====== Data to use ======
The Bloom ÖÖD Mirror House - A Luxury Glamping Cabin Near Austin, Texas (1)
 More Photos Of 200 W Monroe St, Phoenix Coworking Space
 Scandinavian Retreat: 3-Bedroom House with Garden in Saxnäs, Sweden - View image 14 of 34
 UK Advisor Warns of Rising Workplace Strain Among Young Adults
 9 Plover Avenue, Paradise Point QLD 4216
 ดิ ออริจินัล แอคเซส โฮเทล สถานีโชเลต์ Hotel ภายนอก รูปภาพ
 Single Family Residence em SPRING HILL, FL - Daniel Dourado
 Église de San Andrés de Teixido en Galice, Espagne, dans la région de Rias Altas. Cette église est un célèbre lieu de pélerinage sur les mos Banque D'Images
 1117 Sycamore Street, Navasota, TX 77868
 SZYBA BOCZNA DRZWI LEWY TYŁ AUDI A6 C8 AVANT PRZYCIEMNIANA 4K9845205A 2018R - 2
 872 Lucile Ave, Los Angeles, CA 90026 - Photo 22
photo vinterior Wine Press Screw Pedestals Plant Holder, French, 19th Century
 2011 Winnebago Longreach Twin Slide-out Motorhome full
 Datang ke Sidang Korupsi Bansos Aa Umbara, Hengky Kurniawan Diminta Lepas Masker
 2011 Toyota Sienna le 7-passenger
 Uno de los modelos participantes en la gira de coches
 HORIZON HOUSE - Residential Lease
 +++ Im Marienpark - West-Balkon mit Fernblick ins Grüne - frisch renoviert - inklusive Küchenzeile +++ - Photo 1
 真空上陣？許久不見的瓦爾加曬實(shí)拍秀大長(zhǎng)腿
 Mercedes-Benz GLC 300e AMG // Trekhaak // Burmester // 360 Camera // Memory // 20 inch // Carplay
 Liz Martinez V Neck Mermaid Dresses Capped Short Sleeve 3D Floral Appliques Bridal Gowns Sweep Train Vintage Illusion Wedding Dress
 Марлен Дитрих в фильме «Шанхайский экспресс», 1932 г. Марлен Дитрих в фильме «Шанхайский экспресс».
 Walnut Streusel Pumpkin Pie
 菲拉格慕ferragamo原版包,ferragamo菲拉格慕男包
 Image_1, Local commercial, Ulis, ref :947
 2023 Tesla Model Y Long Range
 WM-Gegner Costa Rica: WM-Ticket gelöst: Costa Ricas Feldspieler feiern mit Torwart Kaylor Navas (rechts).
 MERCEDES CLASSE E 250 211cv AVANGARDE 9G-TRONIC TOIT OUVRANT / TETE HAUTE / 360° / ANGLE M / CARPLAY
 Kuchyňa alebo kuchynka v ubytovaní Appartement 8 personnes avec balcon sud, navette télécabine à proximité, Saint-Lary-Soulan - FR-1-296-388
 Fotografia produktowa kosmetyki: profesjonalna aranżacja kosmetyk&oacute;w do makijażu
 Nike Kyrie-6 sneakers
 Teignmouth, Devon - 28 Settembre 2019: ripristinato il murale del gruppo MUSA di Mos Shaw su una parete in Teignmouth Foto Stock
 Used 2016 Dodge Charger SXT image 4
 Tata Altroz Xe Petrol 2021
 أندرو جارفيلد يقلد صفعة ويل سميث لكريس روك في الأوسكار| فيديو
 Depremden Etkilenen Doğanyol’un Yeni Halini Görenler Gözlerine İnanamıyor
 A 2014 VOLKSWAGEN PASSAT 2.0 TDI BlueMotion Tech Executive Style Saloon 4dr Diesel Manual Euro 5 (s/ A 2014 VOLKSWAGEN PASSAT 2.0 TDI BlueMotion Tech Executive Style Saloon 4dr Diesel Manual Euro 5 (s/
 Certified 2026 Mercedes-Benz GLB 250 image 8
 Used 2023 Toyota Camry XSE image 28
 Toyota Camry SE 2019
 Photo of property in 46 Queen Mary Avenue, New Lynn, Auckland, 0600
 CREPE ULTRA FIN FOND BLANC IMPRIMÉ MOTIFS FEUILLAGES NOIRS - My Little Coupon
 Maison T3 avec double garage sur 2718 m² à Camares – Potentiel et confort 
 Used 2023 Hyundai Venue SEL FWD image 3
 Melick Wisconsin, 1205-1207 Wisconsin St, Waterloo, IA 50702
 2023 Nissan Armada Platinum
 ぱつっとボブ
======
Each record above is to be reproduced word for word.

The Bloom ÖÖD Mirror House - A Luxury Glamping Cabin Near Austin, Texas (1)
 More Photos Of 200 W Monroe St, Phoenix Coworking Space
 Scandinavian Retreat: 3-Bedroom House with Garden in Saxnäs, Sweden - View image 14 of 34
 UK Advisor Warns of Rising Workplace Strain Among Young Adults
 9 Plover Avenue, Paradise Point QLD 4216
 ดิ ออริจินัล แอคเซส โฮเทล สถานีโชเลต์ Hotel ภายนอก รูปภาพ
 Single Family Residence em SPRING HILL, FL - Daniel Dourado
 Église de San Andrés de Teixido en Galice, Espagne, dans la région de Rias Altas. Cette église est un célèbre lieu de pélerinage sur les mos Banque D'Images
 1117 Sycamore Street, Navasota, TX 77868
 SZYBA BOCZNA DRZWI LEWY TYŁ AUDI A6 C8 AVANT PRZYCIEMNIANA 4K9845205A 2018R - 2
 872 Lucile Ave, Los Angeles, CA 90026 - Photo 22
photo vinterior Wine Press Screw Pedestals Plant Holder, French, 19th Century
 2011 Winnebago Longreach Twin Slide-out Motorhome full
 Datang ke Sidang Korupsi Bansos Aa Umbara, Hengky Kurniawan Diminta Lepas Masker
 2011 Toyota Sienna le 7-passenger
 Uno de los modelos participantes en la gira de coches
 HORIZON HOUSE - Residential Lease
 +++ Im Marienpark - West-Balkon mit Fernblick ins Grüne - frisch renoviert - inklusive Küchenzeile +++ - Photo 1
 真空上陣？許久不見的瓦爾加曬實(shí)拍秀大長(zhǎng)腿
 Mercedes-Benz GLC 300e AMG // Trekhaak // Burmester // 360 Camera // Memory // 20 inch // Carplay
 Liz Martinez V Neck Mermaid Dresses Capped Short Sleeve 3D Floral Appliques Bridal Gowns Sweep Train Vintage Illusion Wedding Dress
 Марлен Дитрих в фильме «Шанхайский экспресс», 1932 г. Марлен Дитрих в фильме «Шанхайский экспресс».
 Walnut Streusel Pumpkin Pie
 菲拉格慕ferragamo原版包,ferragamo菲拉格慕男包
 Image_1, Local commercial, Ulis, ref :947
 2023 Tesla Model Y Long Range
 WM-Gegner Costa Rica: WM-Ticket gelöst: Costa Ricas Feldspieler feiern mit Torwart Kaylor Navas (rechts).
 MERCEDES CLASSE E 250 211cv AVANGARDE 9G-TRONIC TOIT OUVRANT / TETE HAUTE / 360° / ANGLE M / CARPLAY
 Kuchyňa alebo kuchynka v ubytovaní Appartement 8 personnes avec balcon sud, navette télécabine à proximité, Saint-Lary-Soulan - FR-1-296-388
 Fotografia produktowa kosmetyki: profesjonalna aranżacja kosmetyk&oacute;w do makijażu
 Nike Kyrie-6 sneakers
 Teignmouth, Devon - 28 Settembre 2019: ripristinato il murale del gruppo MUSA di Mos Shaw su una parete in Teignmouth Foto Stock
 Used 2016 Dodge Charger SXT image 4
 Tata Altroz Xe Petrol 2021
 أندرو جارفيلد يقلد صفعة ويل سميث لكريس روك في الأوسكار| فيديو
 Depremden Etkilenen Doğanyol’un Yeni Halini Görenler Gözlerine İnanamıyor
 A 2014 VOLKSWAGEN PASSAT 2.0 TDI BlueMotion Tech Executive Style Saloon 4dr Diesel Manual Euro 5 (s/ A 2014 VOLKSWAGEN PASSAT 2.0 TDI BlueMotion Tech Executive Style Saloon 4dr Diesel Manual Euro 5 (s/
 Certified 2026 Mercedes-Benz GLB 250 image 8
 Used 2023 Toyota Camry XSE image 28
 Toyota Camry SE 2019
 Photo of property in 46 Queen Mary Avenue, New Lynn, Auckland, 0600
 CREPE ULTRA FIN FOND BLANC IMPRIMÉ MOTIFS FEUILLAGES NOIRS - My Little Coupon
 Maison T3 avec double garage sur 2718 m² à Camares – Potentiel et confort 
 Used 2023 Hyundai Venue SEL FWD image 3
 Melick Wisconsin, 1205-1207 Wisconsin St, Waterloo, IA 50702
 2023 Nissan Armada Platinum
 ぱつっとボブ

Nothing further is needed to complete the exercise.